LAWS(CAL)-1991-1-1

MAHAMAYA ROW CHOUDHURY Vs. LAND ACQUISITION COLLECTOR

Decided On January 30, 1991
MAHAMAYA ROW CHOUDHURY Appellant
V/S
LAND ACQUISITION COLLECTOR Respondents

JUDGEMENT

(1.) WE would like to place on record that we have very much appreciated the endeavour made by the learned counsel for the parties to assist us as best at they could. But after giving our anxious advertence to their arguments and to the materials on record as at present, we are satisfied that only two questions realy survive for our consideration in this appeal and no other question need obtain us for the present.

(2.) THE first question is whether the notice Of requisition under section 3 of the West Bengal Land (Requisition and Acquisition) Act, 1948 is valid and was validly served. And the Second question is that since the public purpose for which the land has been requisitioned relates to the Calcutta Improvement trust whether the authorities concerned could resort to this West Bengal Act of 1948 at all when the Calcutta Improvement Act 1911 itself provides for acquisition of land for such purpose.

(3.) AS the first question, we are satisfied that the challenge to the service of noitice a behalf of the appellant was rather half-hearted. The respondents is paragraph 6 (c) and paragraph 9 of their affidavit have categorically stated about the mode in which the process-server of the office of the First Land acquisition Collector served the notice and it has been stated that the same was done by affixing the notice on the front door of the residential house of the appellant. To this, the reply of the appellant is that there is no front door in this residence and as such no notice could be affixed on the front door.
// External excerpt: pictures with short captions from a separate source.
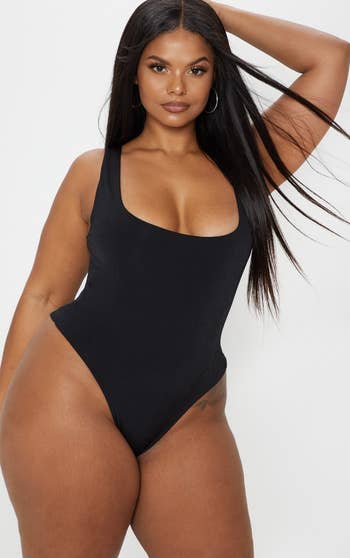 model posing in the black bodysuit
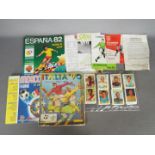 Lot to include a complete Italia 90 World Cup sticker album (Yugoslavian issue), taped,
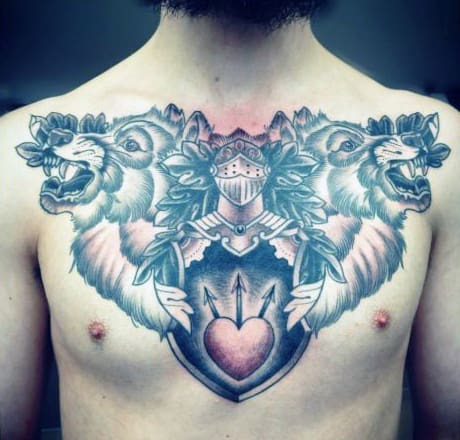 Chest tattoo of two wolves and a knight's helmet on a shield with heart and arrows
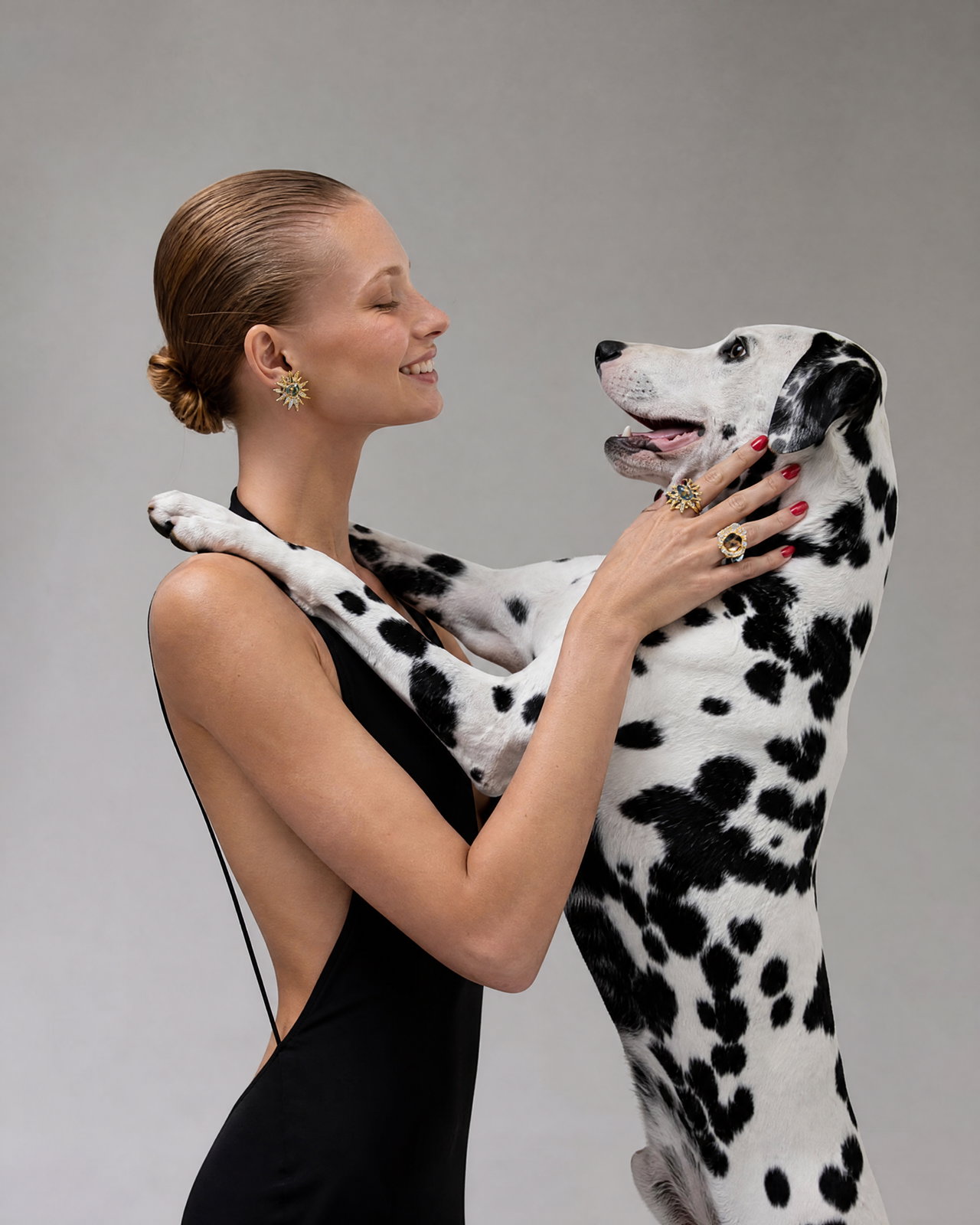 Fashion Model Interacting with Dalmatian Dog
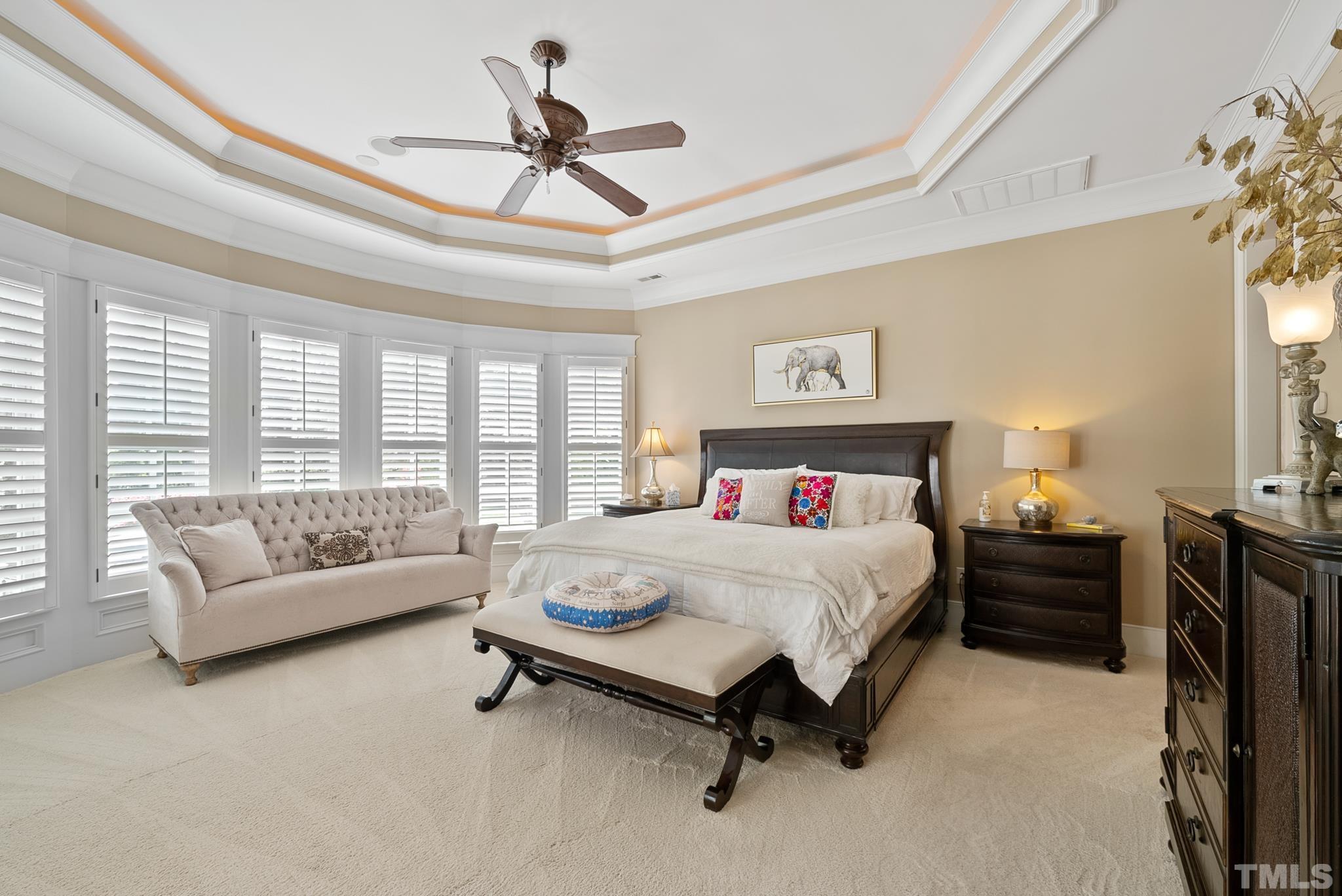 1204 Hedgelawn Way Raleigh, NC 27615 - Photo 20 of 44 a bedroom with a bed and a couch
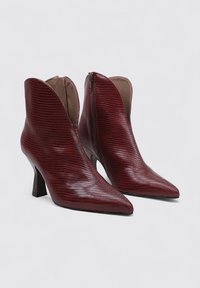 Botines de tobillo en color marrón, texturizados, con punta afilada y tacón de aguja alto. Presentan un cierre lateral con cremallera y un diseño distintivo de recortes curvados.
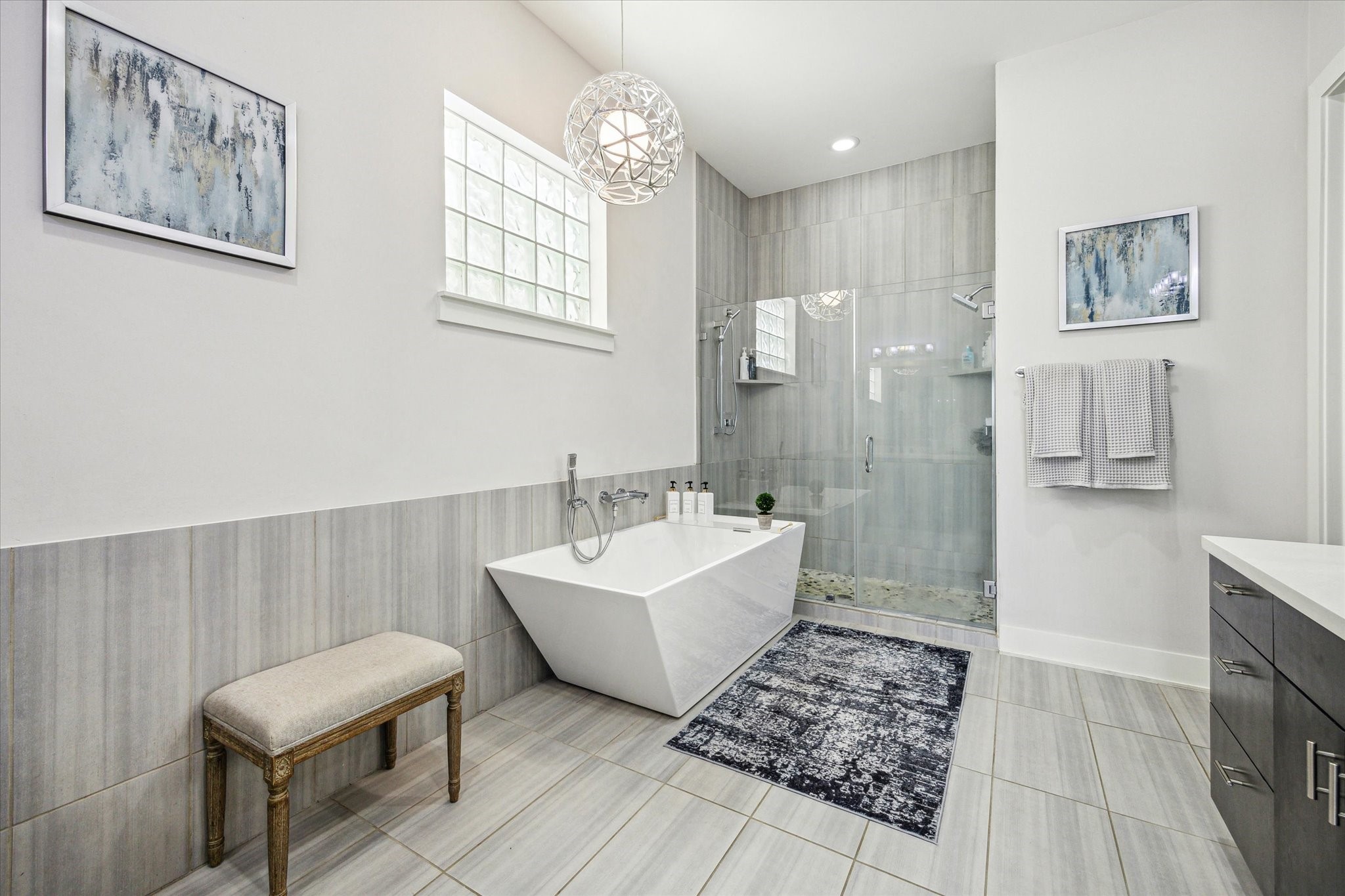 1505 Detering Street Houston, TX 77007 - Photo 19 of 27 a bathroom with a sink mirror and a bath tub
If a notice was served on the premises, as required under the relevant Act and the Rules made thereunder, the mere fact that it was not affixed on the front door but was affixed at some other conspicuous place cannot invalidate the notice. As has been repeatedly ruled by the Supreme Court, the tendency of the courts to technicalities must be deprecated and it is the substance that must count and must be allowed to take precedence over mere form and formalities. The learned trial Judge has also dealt with this aspect in appreciable details and after hearing the learned Counsel for the parties on going through the records we find no reason to come to any different conclusion. We, accordingly, hold that the notice of requisition under Section 3 of the Act of 1948 was legally served as required by law.